Tax system seen as complicated

Taxes are another hot topic.



Three Conservative riding associations have put forward resolutions that would seem to say the government is heading in the wrong direction with its tax policy.



The associations from Guelph, ON, Brome-Missisquoi, QC, and Calgary-Nose Hill, AB have put forward resolutions calling on their own party to simplify the tax system.



One of those resolutions, to support the creation of a flat tax, was defeated at a policy workshop Friday morning, the CBC's Kady O'Malley reports, and won't be voted on at Saturday's plenary session.



Since first forming government in 2006, the Conservatives have introduced at least eight tax credits for things such as transit passes, caregivers, and arts lessons for children. That's far too many for fiscal conservatives such as Derek Fildebrandt of the Canadian Taxpayers Federation.



"We've seen this government make our tax code look even more like a piece of Swiss cheese," he said. "It was complicated when they got there — now it's even worse."

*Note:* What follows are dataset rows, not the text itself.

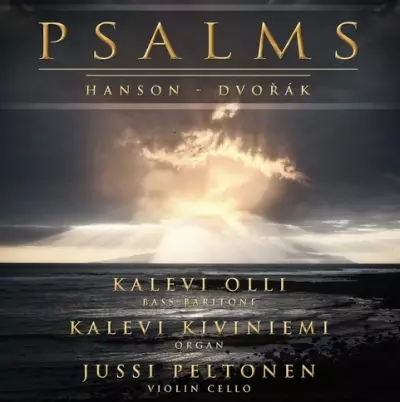 Kalevi Olli / Kalevi Kiviniemi / Psalms // Antonín - Classical CD - 1586 - 1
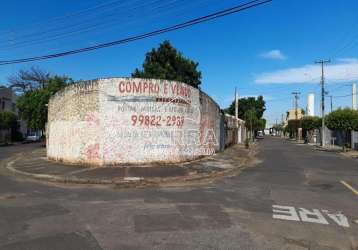 Vende-se terreno no jardim bancários - marilia/sp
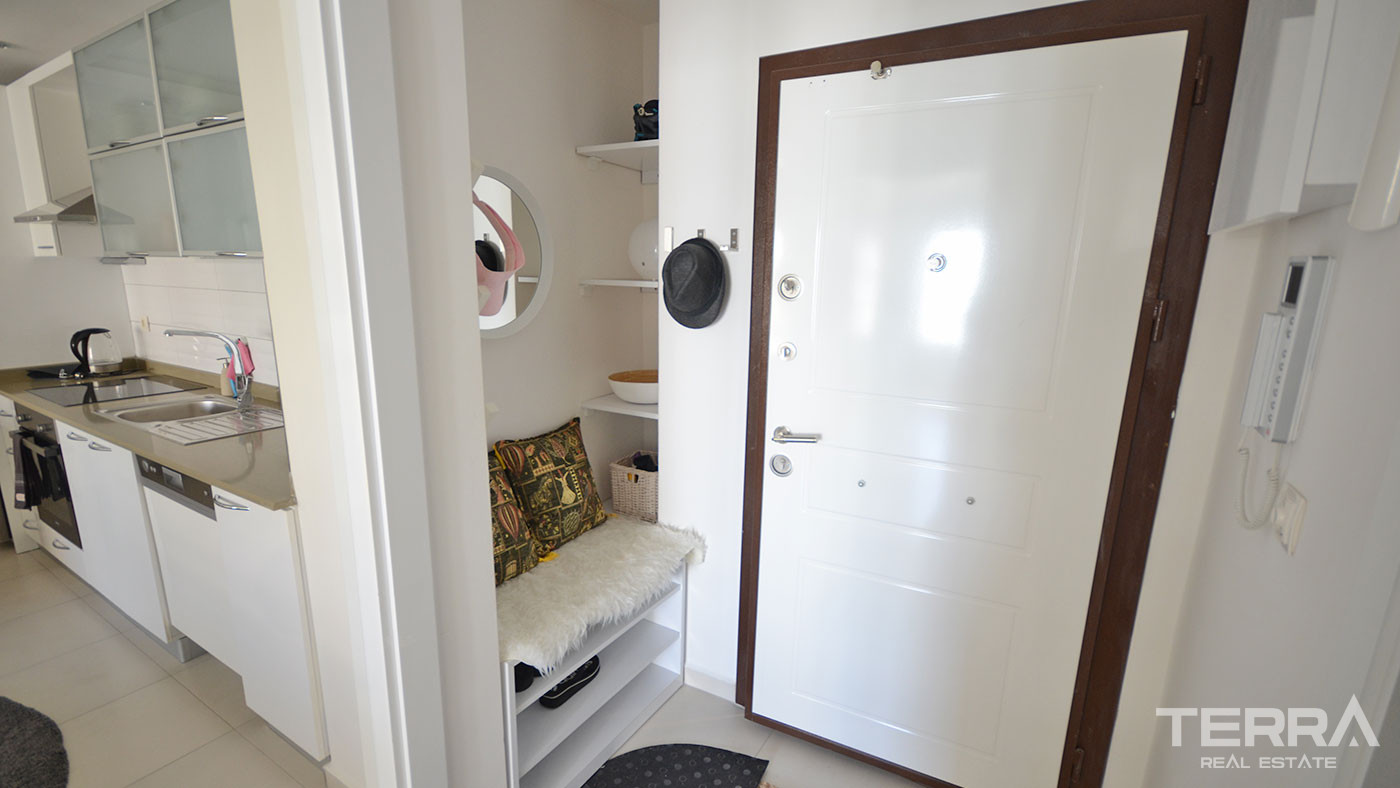 1+1 Resale Apartment in Orion Park Avsallar, Alanya with Shared Pool - 60515
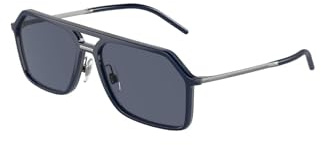 Dolce & Gabbana 0DG6196 Sonnenbrille, Herren, mehrfarbig (mehrfarbig), Einheitsgröße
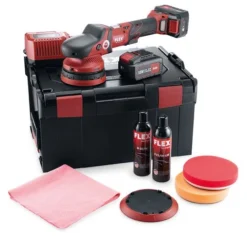 Polisseuse Excentrique 18V XFE 15 150 18.0-EC/5.0 P-Set C FLEX - 2 Batteries + Chargeur - En Coffret - 461237 -Toit Outils Pro FLE00121 2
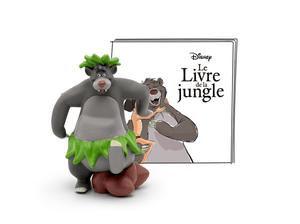 Disney Le Livre De La Jungle Tonie (Français) audio figurine with content illustration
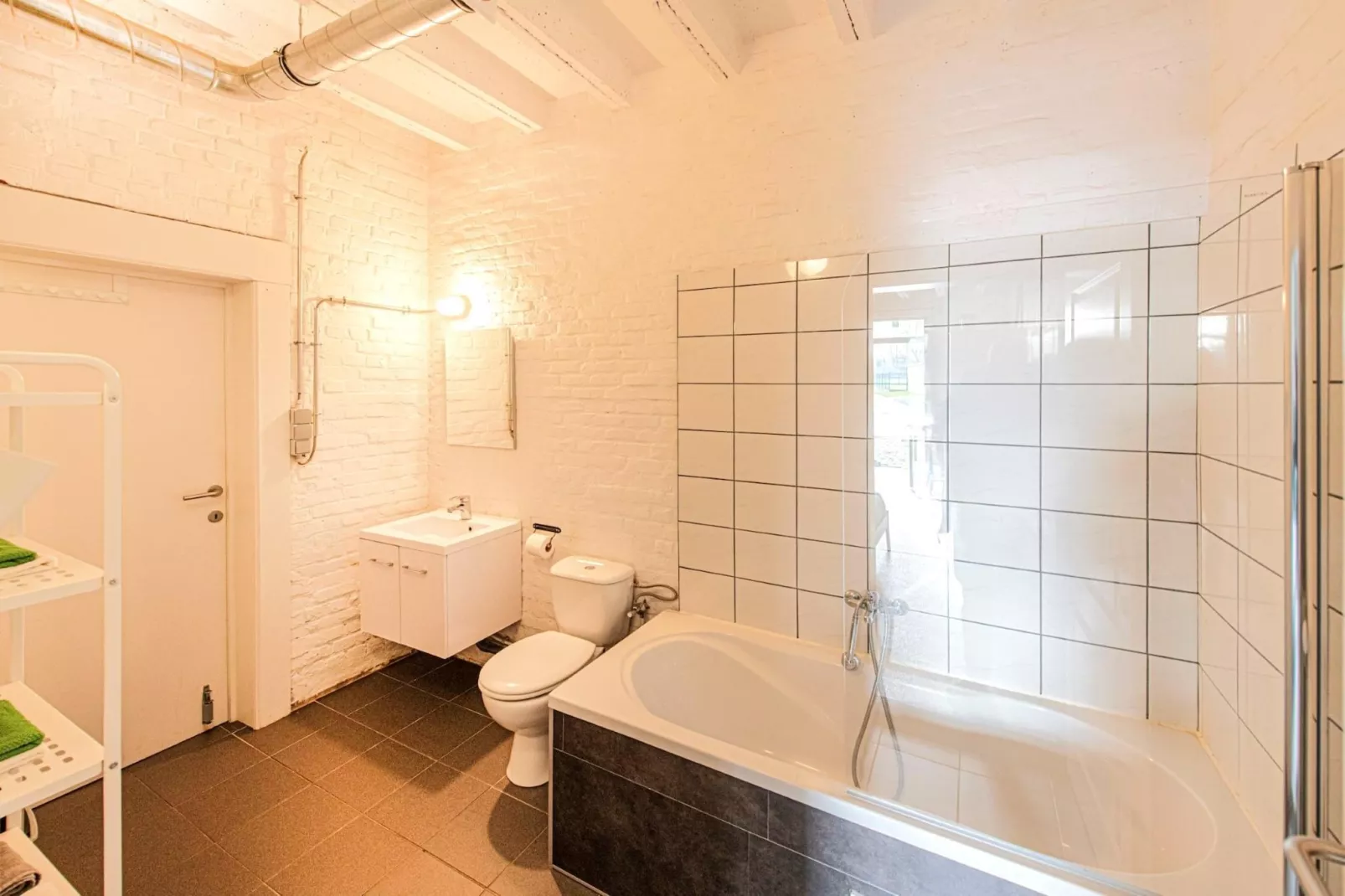 Arends nest-Badkamer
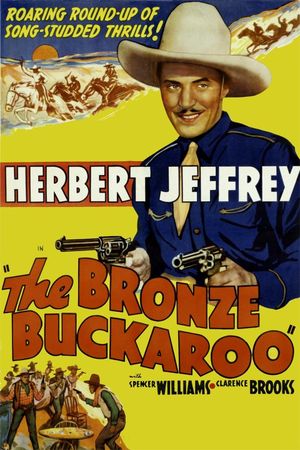 The Bronze Buckaroo's poster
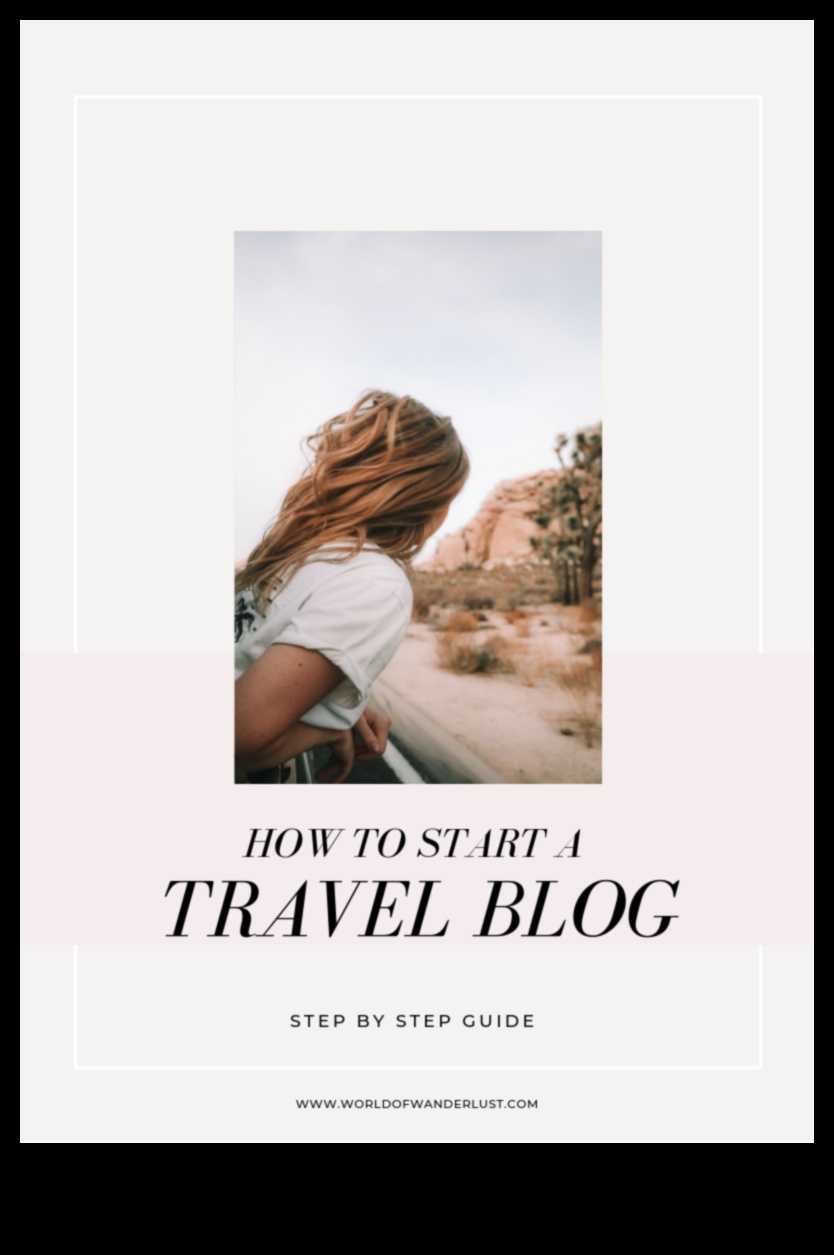 how to get a job as a travel blogger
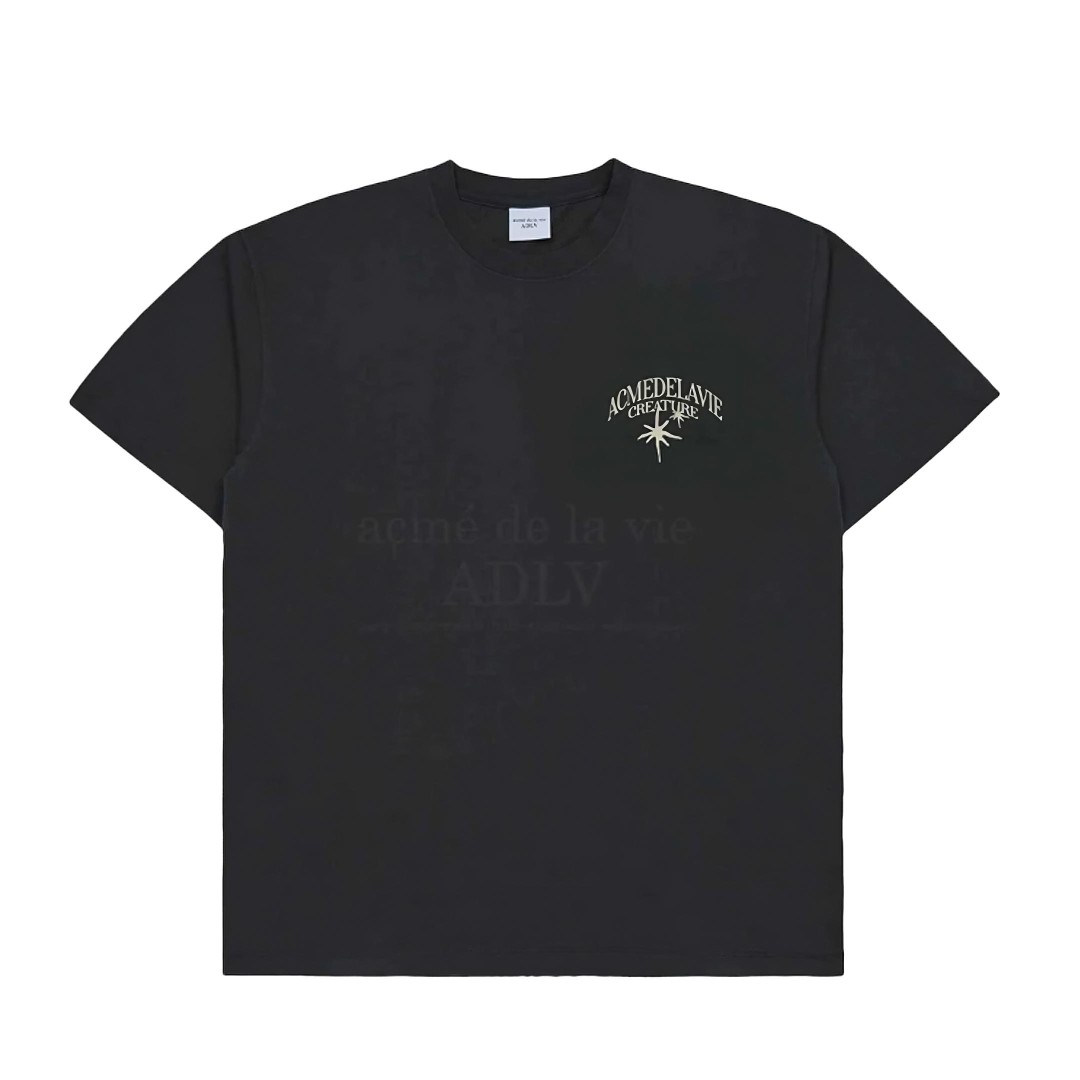 ADLV TRPS2 Creature Tee Charcoal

Fiscal conservatives argue the government should keep overall taxes to a minimum — and let people decide for themselves how to spend their money.



"It's not in the national interest that we all play the piano. There's nothing wrong with the piano, but we should do it on our own merits not because the government told us to," Fildebrandt said.



Allan Maslove of Carleton University agrees that the tax policy of this government seems to go against conservative philosophy.



"Using the tax system to promote transit ridership or promote sports health club memberships, or music lessons for your kids, seems to be going counter to what you'd expect from a fiscal conservative," he said.



Beyond corrupting conservative ideals, Maslove also said there are big problems with having many small tax measures: "If you get enough of these things, and the dollar value gets large enough, you then have to have higher taxes across the board to generate the amount of income, or the amount of tax revenues, that you need."



Even Flaherty admits filling out your taxes isn't as easy as it used to be.



"There's no question the tax code is getting more and more complicated — there's no question about that," Flaherty said.



"Certain incentives are there because we consider it to be good public policy," Flaherty said, "we did not bring in anything new here that wasn't in either the last budget or the platform. So Canadians can rest assured that these are items people knew about and could vote for them or vote against them."



Flaherty insists his government's goal is to make more people pay taxes — but at a lower rate.



As the convention delegates consider those issues, they are also relishing in last month's electoral victory.



Former Conservative cabinet minister Stockwell Day opened the convention Thursday by congratulating his party on its majority. But he also warned against the dangers of socialist ideas, by raising the spectre of the economic recession in Europe.



Prime Minister Stephen Harper will deliver the keynote address to the convention about 7 p.m. Friday night — early enough to finish in time for Game 5 of the Stanley Cup Finals.



Protest expected

Anti-Conservative activists have a protest march planned, ending at the convention centre in time for Harper's speech. The protest will feature as a speaker Brigette DePape, the former Senate page who lost her job last week after holding up a "Stop Harper" sign during the speech from the throne.